Action item>
Begin your copy at the line that holds "A2139066501 битая фара" and carry it through the final line of the data, writing out each line exactly and omitting pictures.

##### Data records

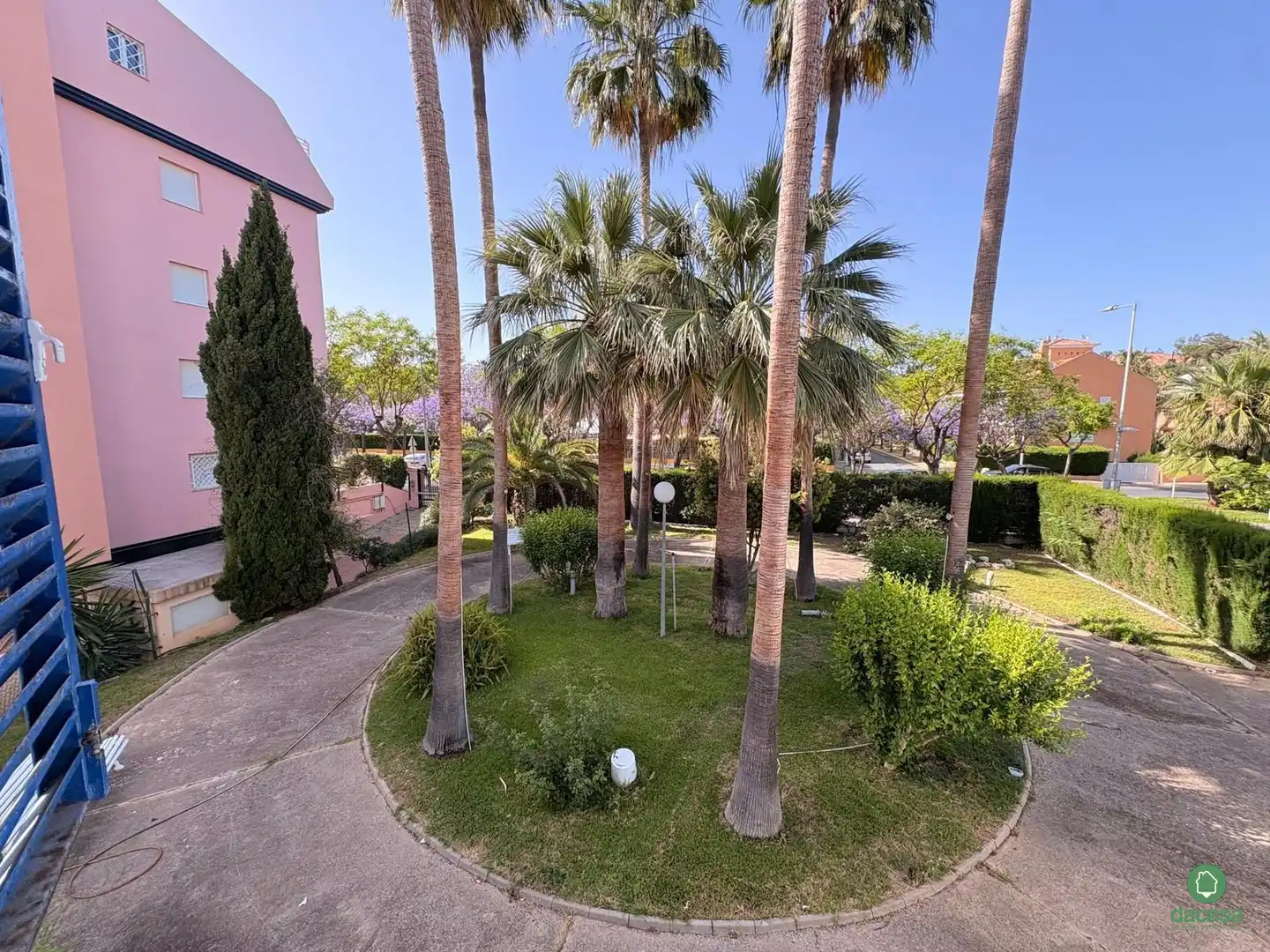 Jardín de Piso en venta en Islantilla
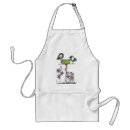 Search for garden party aprons Kitchen
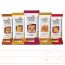 Paper Boat: Dry Fruit Chikki - Pack of 10 - 250g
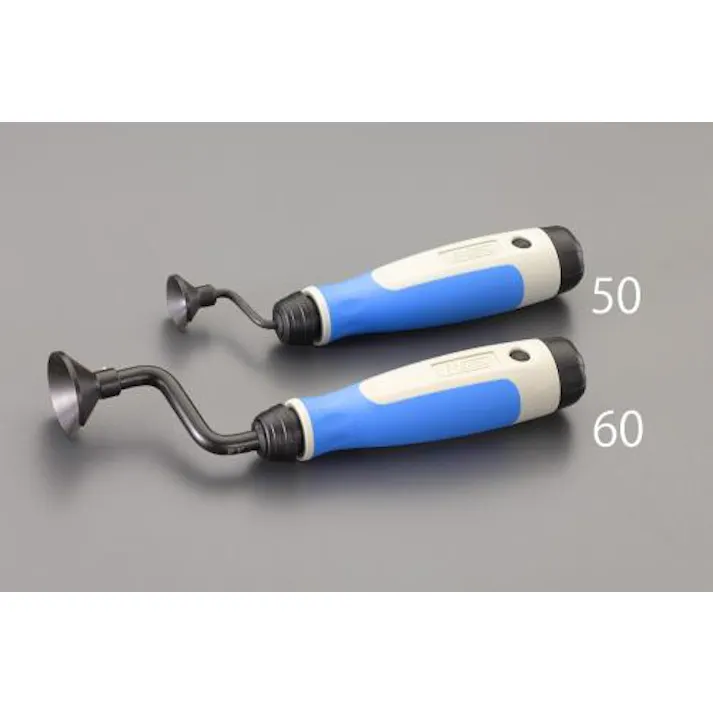 ノガ・ウォーターズ(NOGA) 外径面取ツール(3.2mm軸) φ8-28mm/150mm EA207VF-60 4518340678170【別送品】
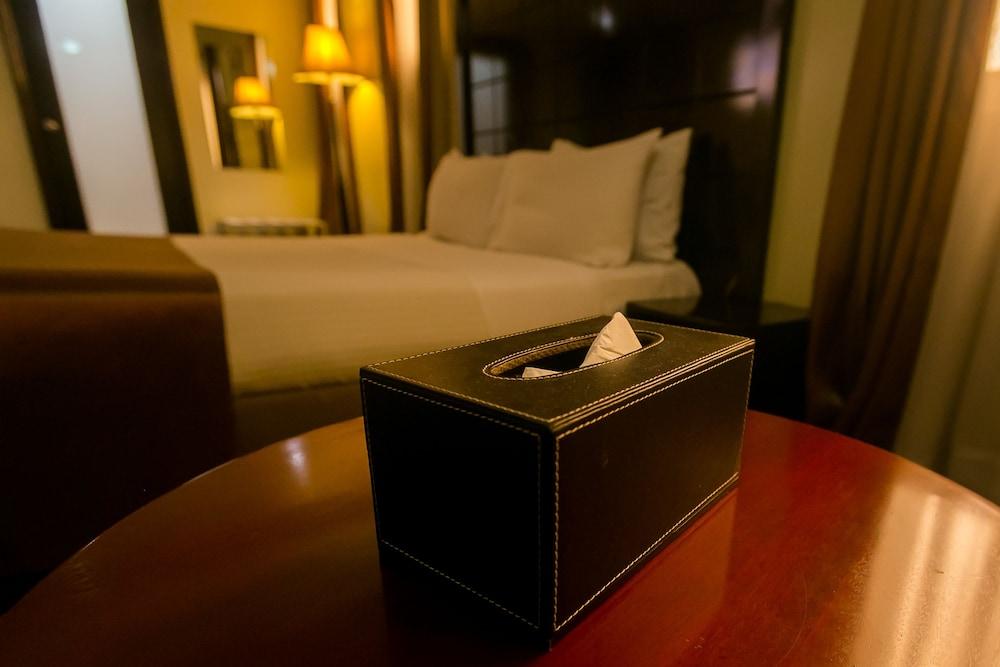 The Clarion Hotel Nairobi Eksteriør bilde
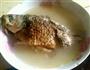 正宗鲫鱼汤的做法步骤14
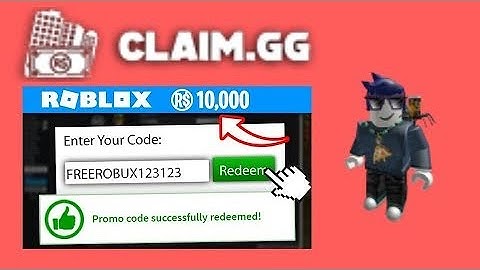 New code in claim.gg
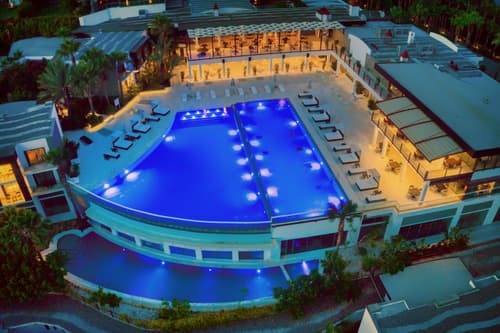 HillStone  Bodrum Hotel & SPA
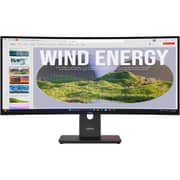 Lenovo ThinkVision 3K WLED Curved Monitor 34inch - T34WD-40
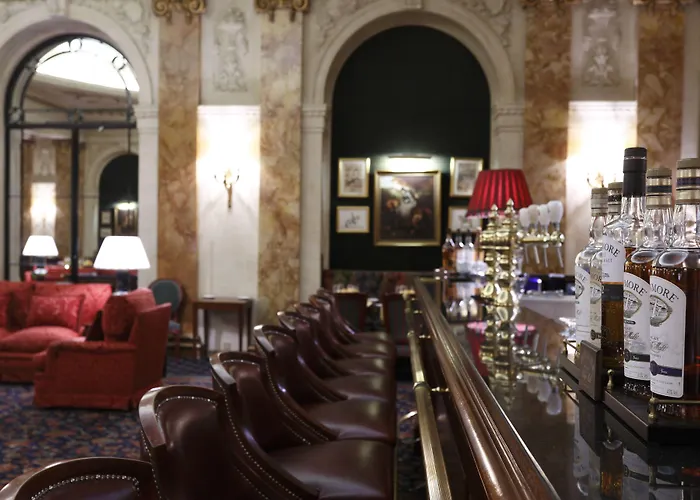 Hotel Le Plaza Brussels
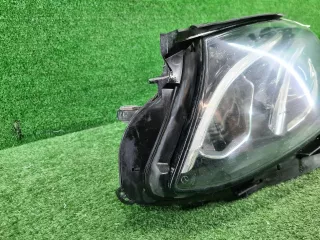 A2139066501 битая фара левая m Mercedes E W213 Арт DIZ0000006522636, вид 5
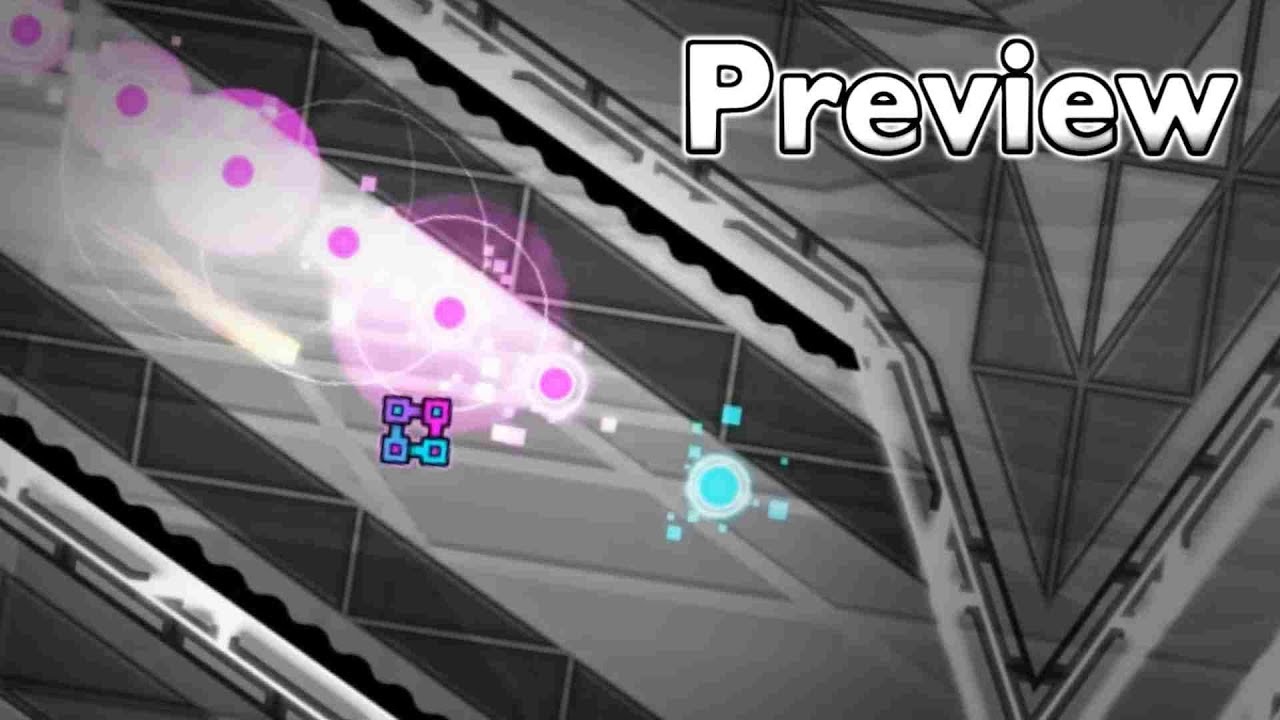 'The Ultimate Phase' Update Preview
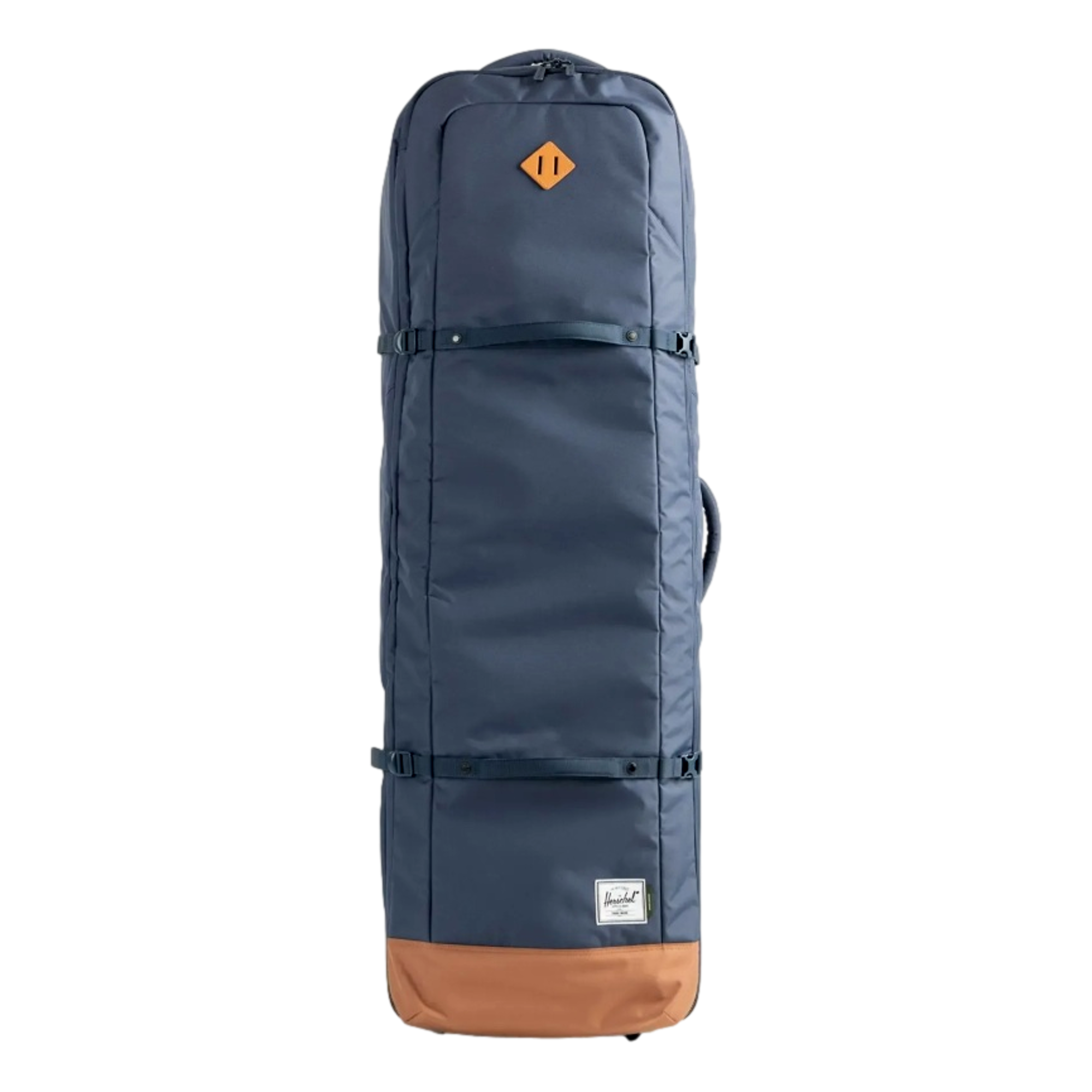 Heritage&trade; Wheelie Golf Travel Bag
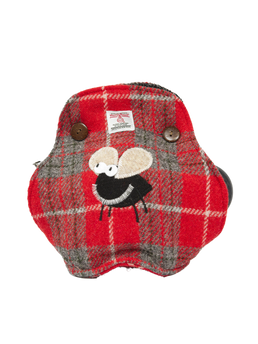 Harris Tweed Tea Cosy A0101 Midge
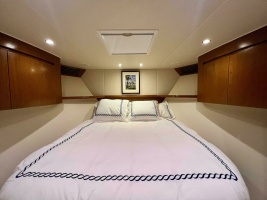 Last Call 70ft Viking Yacht For Sale
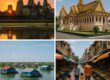 Cambodia 7-Day Itinerary: Siem Reap, Angkor & Phnom Penh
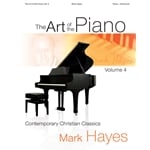 Art of the Piano, Volume 4 - Piano Solo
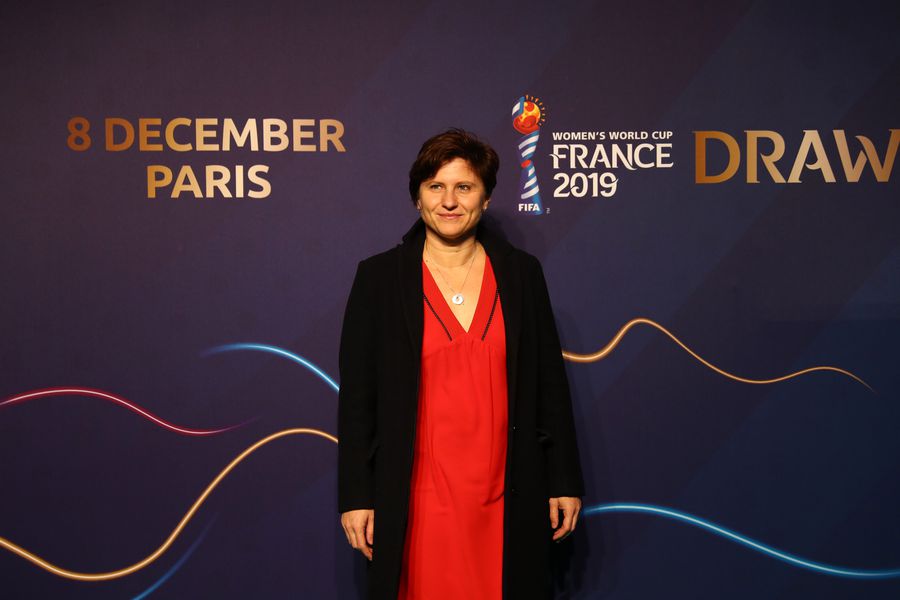 COVID-19. Roxana Mărăcineanu, ministrul francez al Sportului: „Nu e sfârșitul lumii dacă nu se joacă Roland Garros”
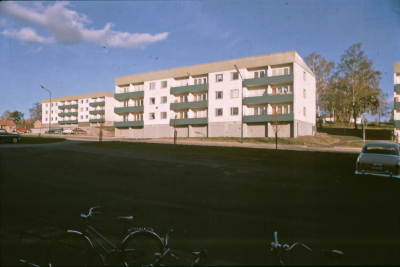 Ängsgatan

090511/KG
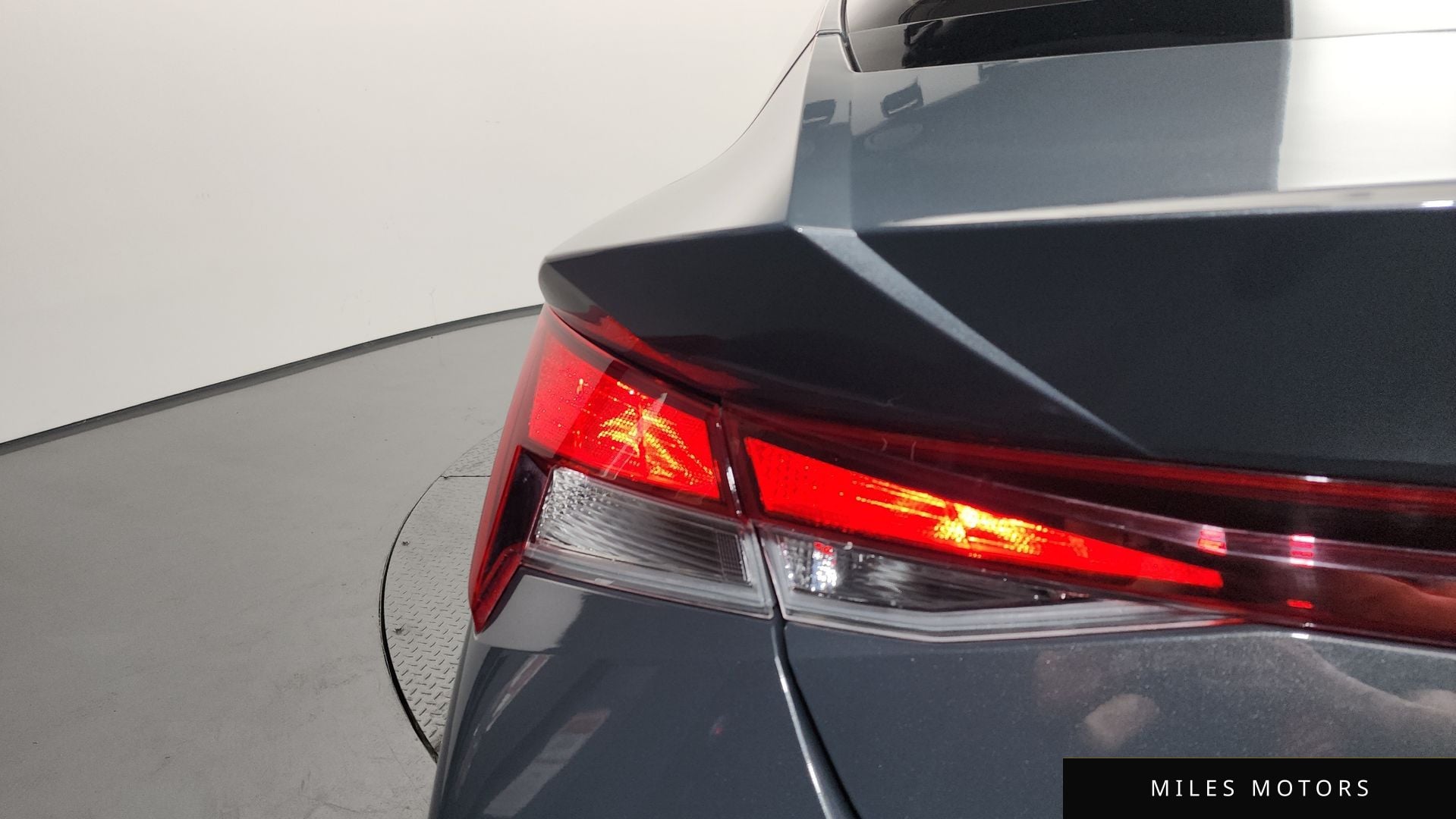 Hyundai AVANTE 2025 — миниатюра 9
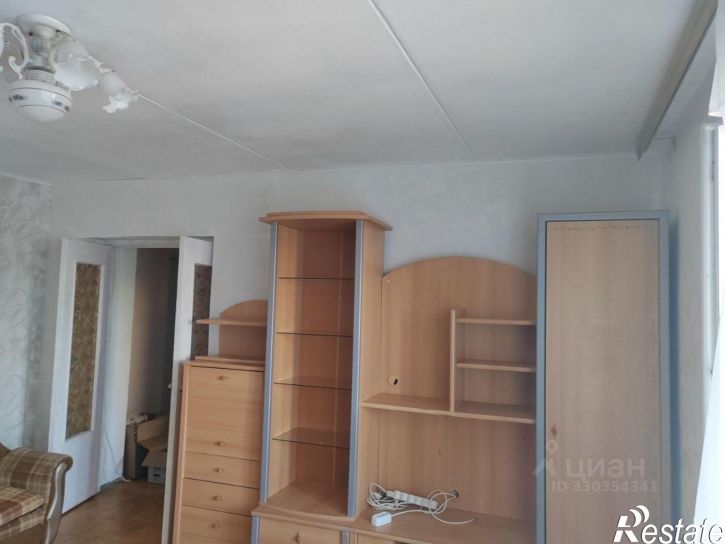 1-комн квартира ул Менделеева, 7,  д. 7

##########

Response to the task>
 A2139066501 битая фара левая m Mercedes E W213 Арт DIZ0000006522636, вид 5
 'The Ultimate Phase' Update Preview
 Heritage&trade; Wheelie Golf Travel Bag
 Harris Tweed Tea Cosy A0101 Midge
 Last Call 70ft Viking Yacht For Sale
 Cambodia 7-Day Itinerary: Siem Reap, Angkor & Phnom Penh
 Art of the Piano, Volume 4 - Piano Solo
 COVID-19. Roxana Mărăcineanu, ministrul francez al Sportului: „Nu e sfârșitul lumii dacă nu se joacă Roland Garros”
 Ängsgatan

090511/KG
 Hyundai AVANTE 2025 — миниатюра 9
 1-комн квартира ул Менделеева, 7,  д. 7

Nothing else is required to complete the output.